J’ai voulu rendre le texte de Platon contemporain de notre régime d’images. Les ombres éclairées à la chandelle sur les parois de sa caverne ont quelque chose de franchement néolithique. J’ai donc eu recours aux prestiges combinés du cinéma et – pour conserver l’énigme des montreurs invisibles – des ombres chinoises.

Pour présentifier la violence obscure de la sortie de la salle de spectacle, j’ai par contre appelé Kafka à la rescousse, avec ces « agents » qui, sans ménagements, viennent arracher le spectateur à sa situation ordinaire.

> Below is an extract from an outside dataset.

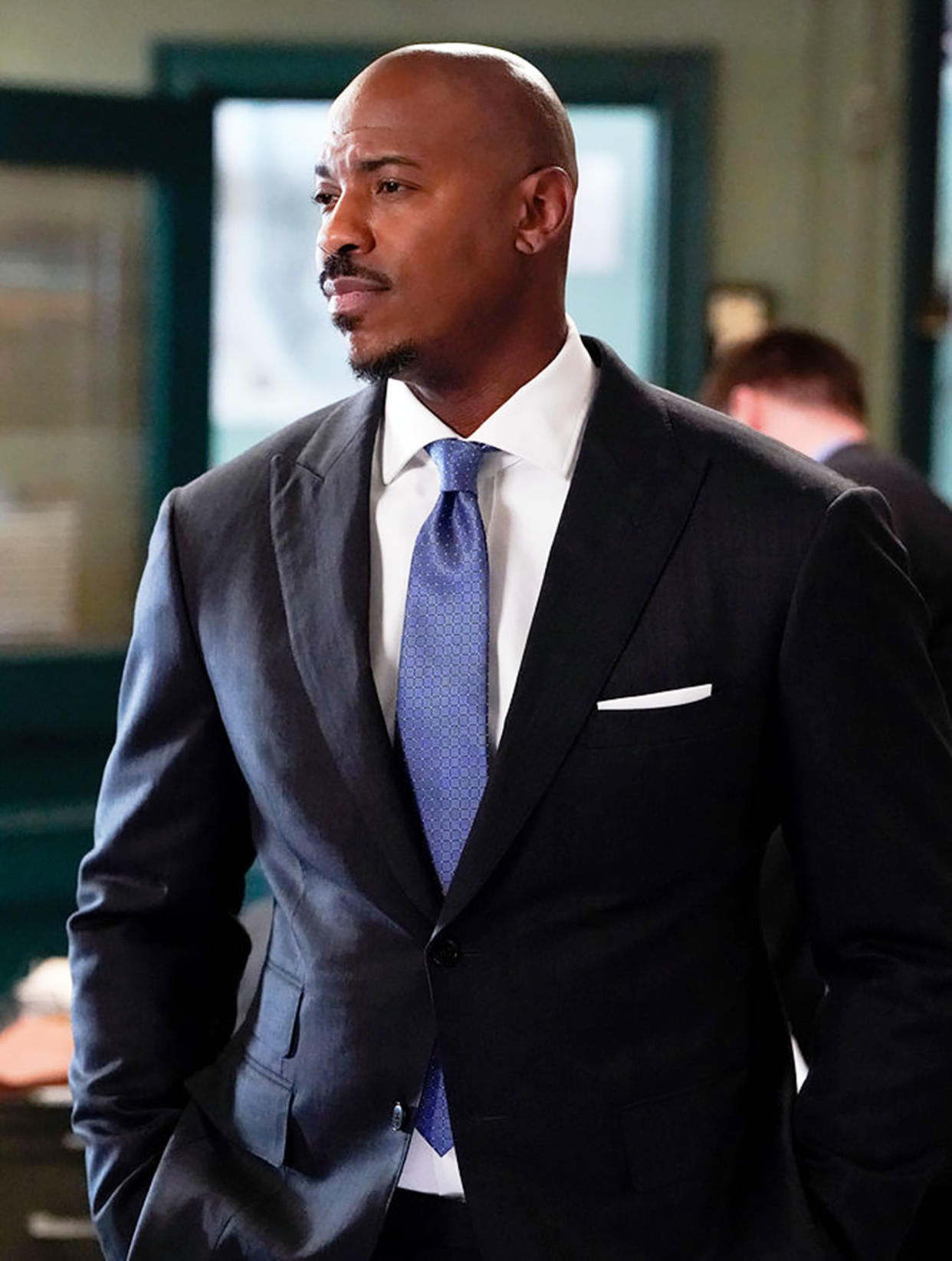 Mehcad Brooks as Det. Jalen Shaw in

J’ai voulu ponctuer – sans prétendre résoudre – la principale énigme du texte, qui est celle de tous ces objets qui circulent derrière les spectateurs (« poupées, marionnettes etc. ») et dont on ignorera à jamais la provenance. Ce qui, une fois de plus, est souligné par Amantha quand elle fait remarquer que les ombres de l’expérience ordinaire, avant l’arrachement, étaient plus « réelles » que ces mystérieux objets.

Enfin, j’ai voulu donner plus d’ampleur au passage à l’extérieur, pour un meilleur équilibre avec la salle de spectacle, et pour cela j’ai mis à contribution la prose de Samuel Beckett (« il voit se lever Vénus, encore ... »).